* WORK REQUIRED *
Only the lines from the one that contains "Essential Heavyweight Cotton T-Shirt" through the last line of the data below should be duplicated, exactly and without pictures.

++++ DATA PROVIDED ++++

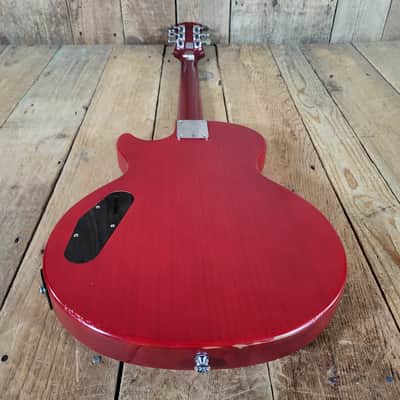 Epiphone Les Paul Special No Case - Transparent Cherry image 13
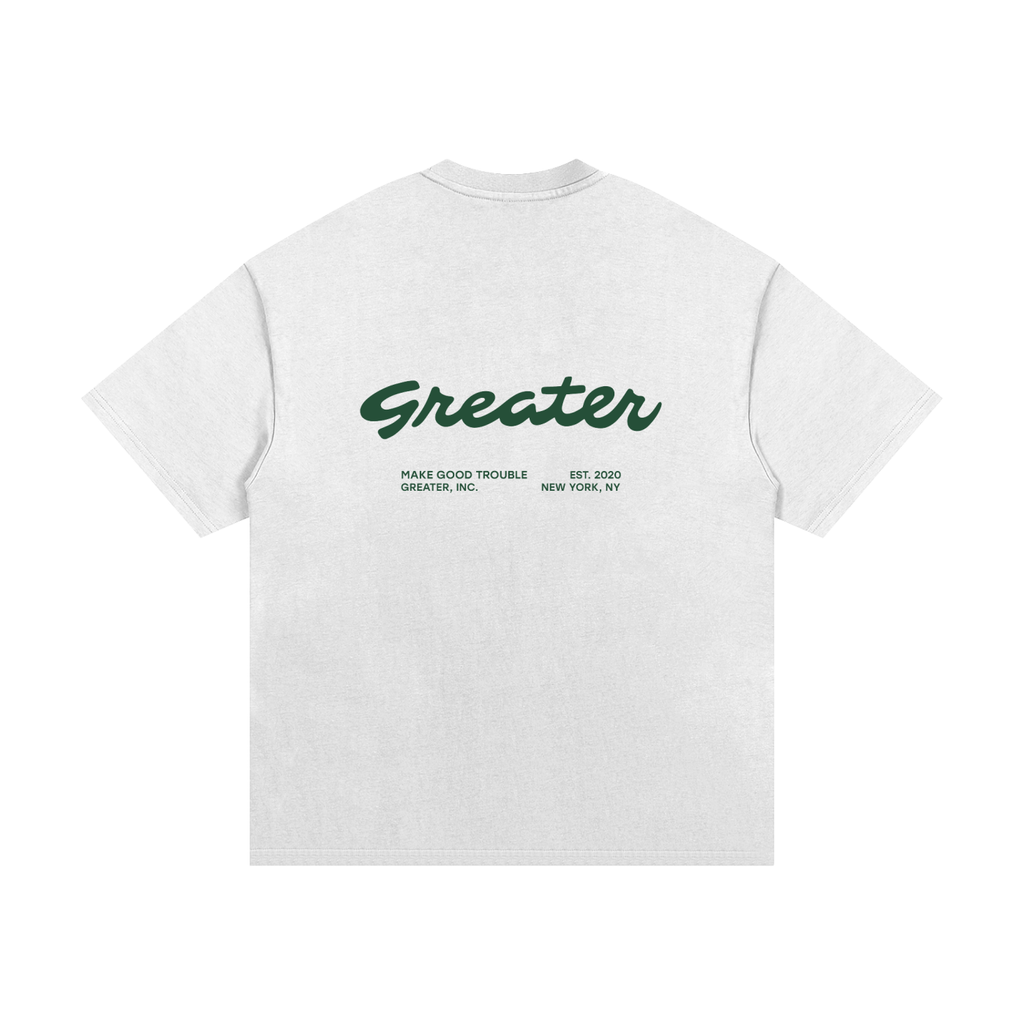 Essential Heavyweight Cotton T-Shirt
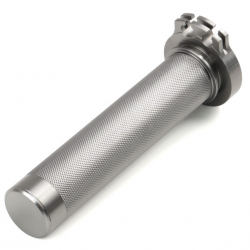 ZETA Rolgaz aluminiowy zamknięty STANDARD HONDA CRF250/450R/X'02-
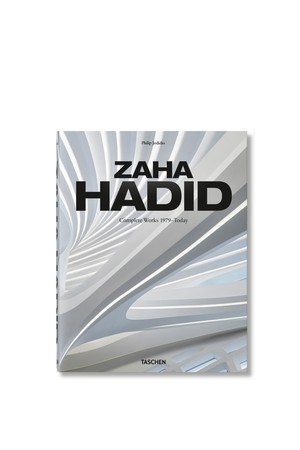 [TASCHEN] Zaha Hadid. Complete Works 1979–Today. 2020 Edition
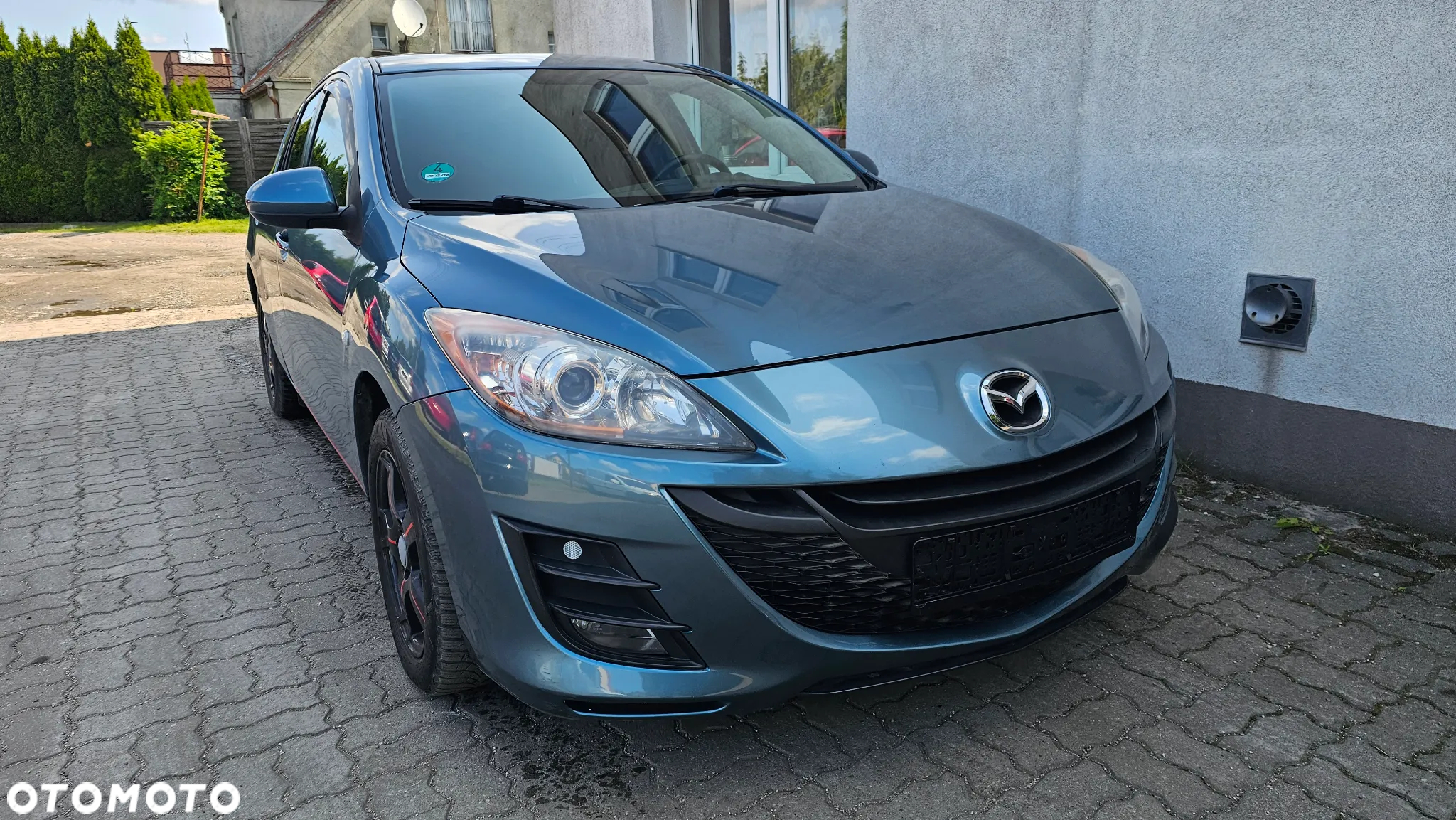 Mazda 3 - 14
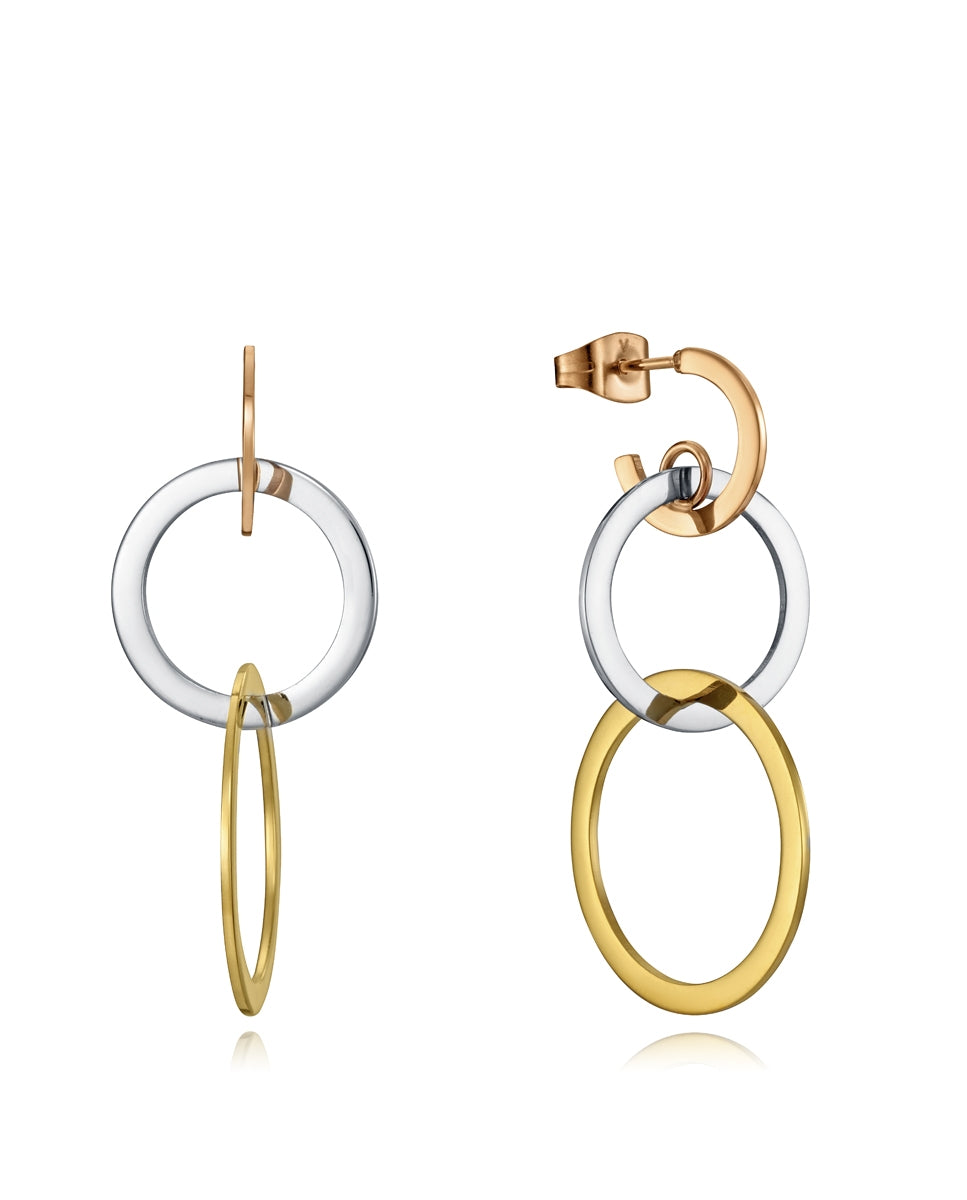 Women's Fashion Earrings VICEROY FASHION Mod. 75313E01019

++++

* ANSWER FOR THE TASK *
 Essential Heavyweight Cotton T-Shirt
 ZETA Rolgaz aluminiowy zamknięty STANDARD HONDA CRF250/450R/X'02-
 [TASCHEN] Zaha Hadid. Complete Works 1979–Today. 2020 Edition
 Mazda 3 - 14
 Women's Fashion Earrings VICEROY FASHION Mod. 75313E01019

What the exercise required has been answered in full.